Captioned web images
━━━

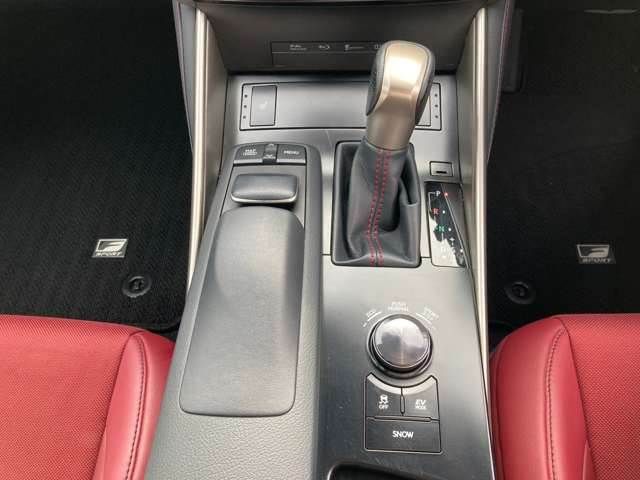 Lexus IS 2013-06 10673-11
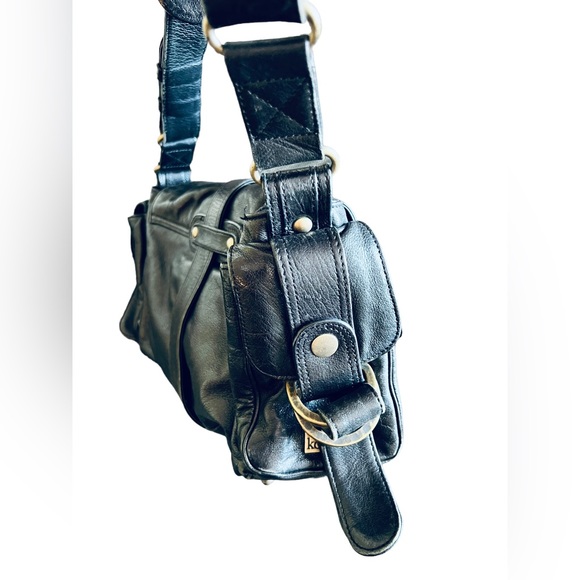 Kooba Hobo Bag 100% Leather in good condition Size Medium ajustable strap - Picture 6 of 15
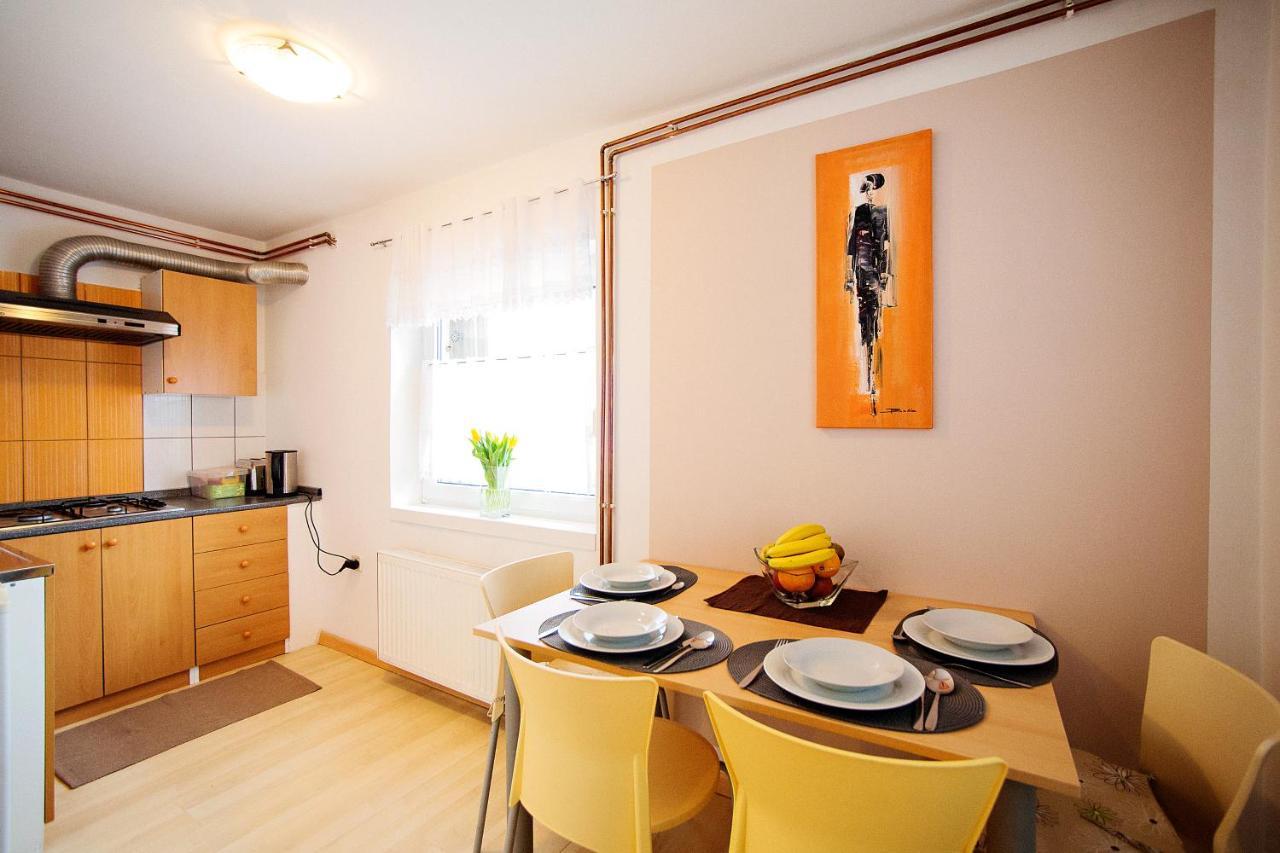 Sweet Apartments With Free Private Parking Laibach Exterior foto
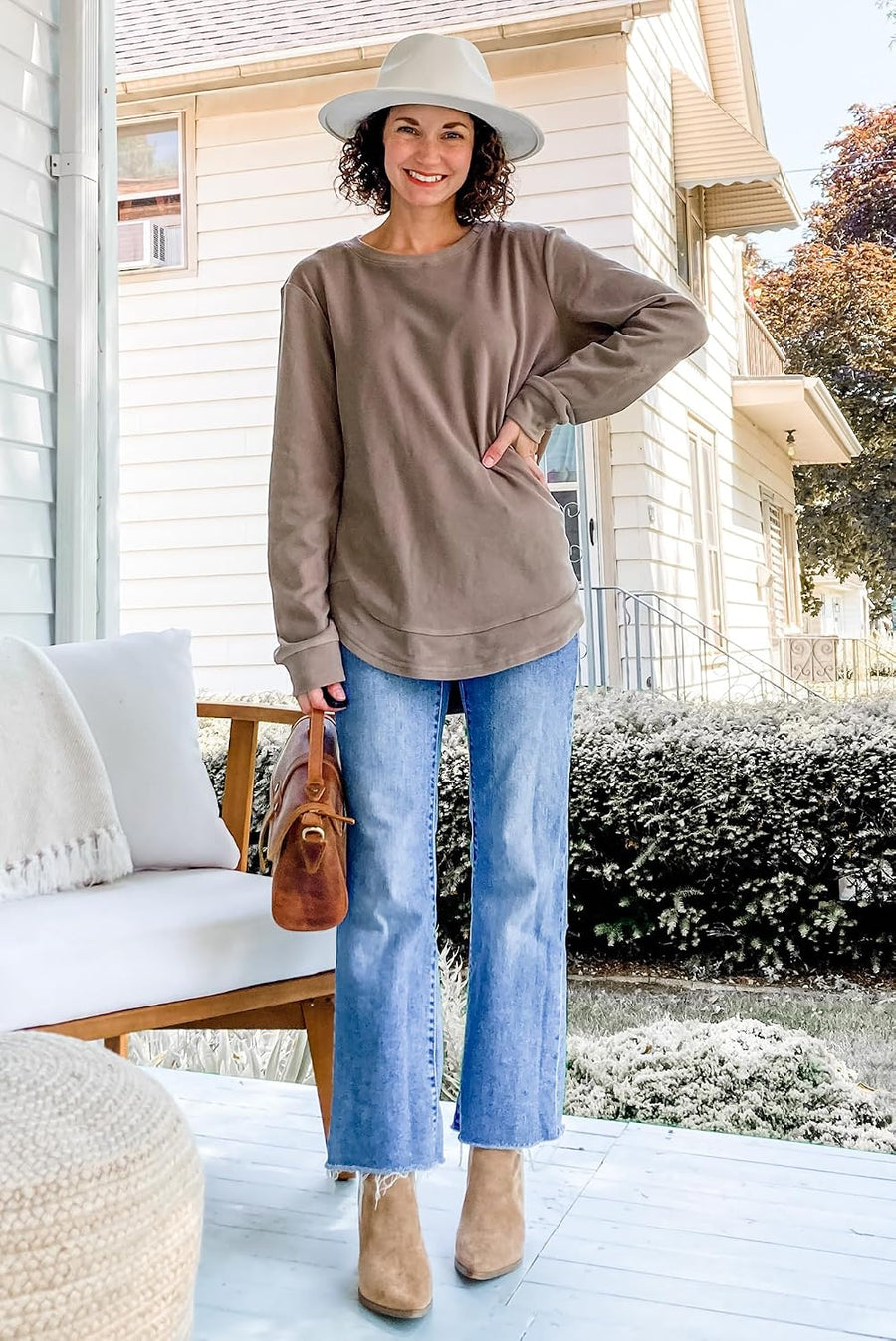 Women's Sweatshirt Crewneck
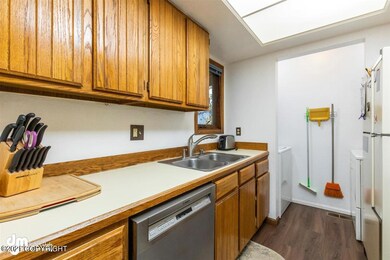 14-Kitchen 20200923-DW-5774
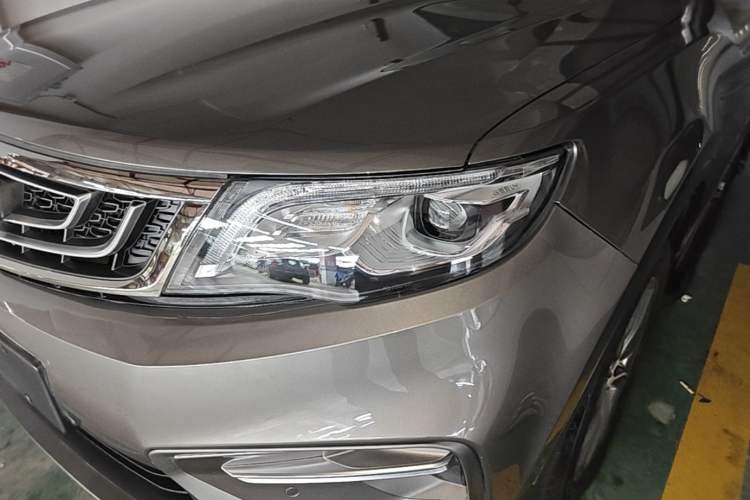 Used Geely Auto Emgrand X7 Sport 2020 1.8TD DCT Two-Wheel Drive Smart Connect 4G-Enabled Version Left Front Headlight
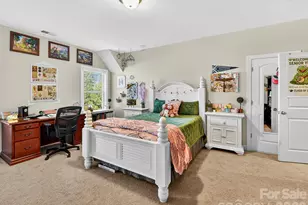 401 Hollyhock Dr, Matthews, NC 28104 - Photo 24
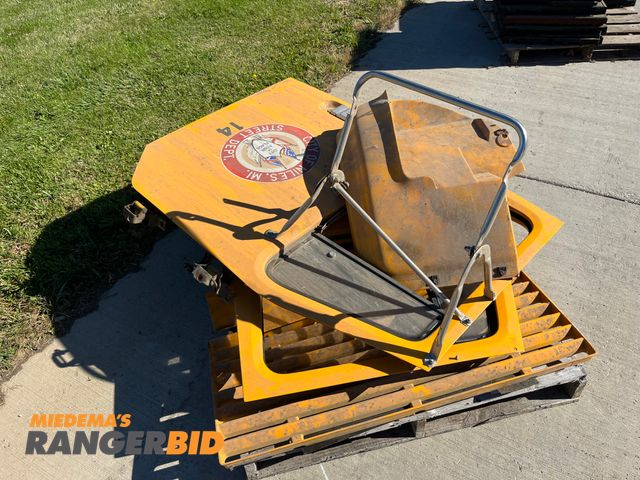 Lot 30-3711 - 1996 International 4900 Hood doors, mirror bracket Municipality owned, seller will load.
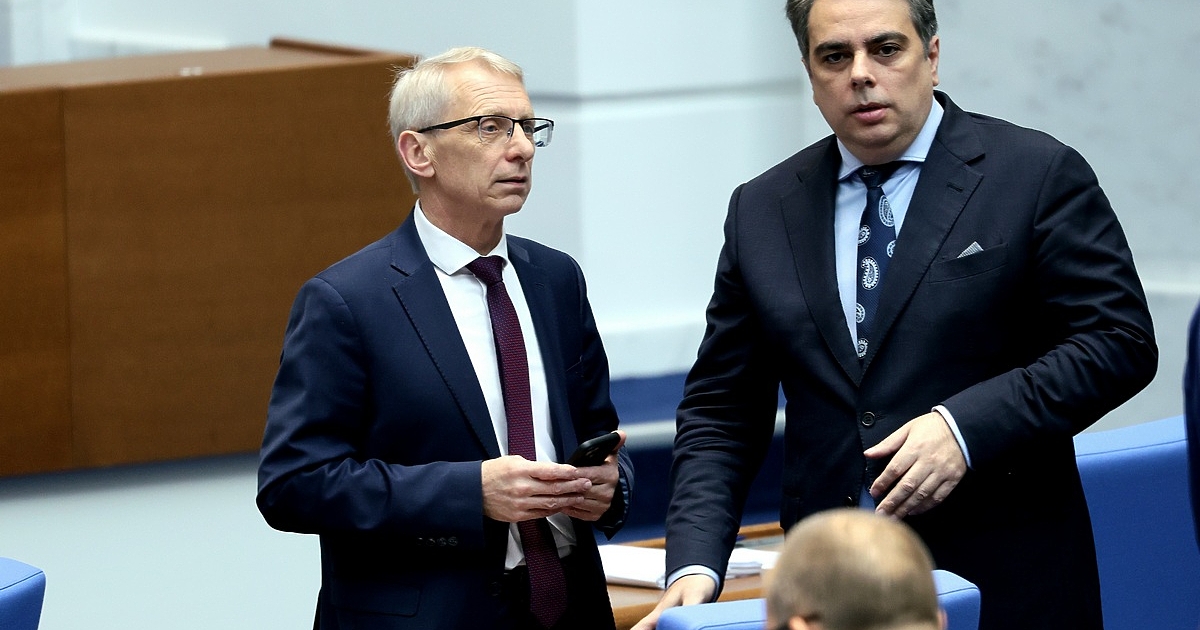 Националният съвет на Продължаваме промяната“ (ПП) избра акад. Николай Денков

━━━

[AIM OF THE EXERCISE]:
Please transcribe exactly the line containing "401 Hollyhock Dr, Matthews, NC" and every later line through the end of the records above, omitting pictures.

[ANSWER SECTION]:
 401 Hollyhock Dr, Matthews, NC 28104 - Photo 24
 Lot 30-3711 - 1996 International 4900 Hood doors, mirror bracket Municipality owned, seller will load.
 Националният съвет на Продължаваме промяната“ (ПП) избра акад. Николай Денков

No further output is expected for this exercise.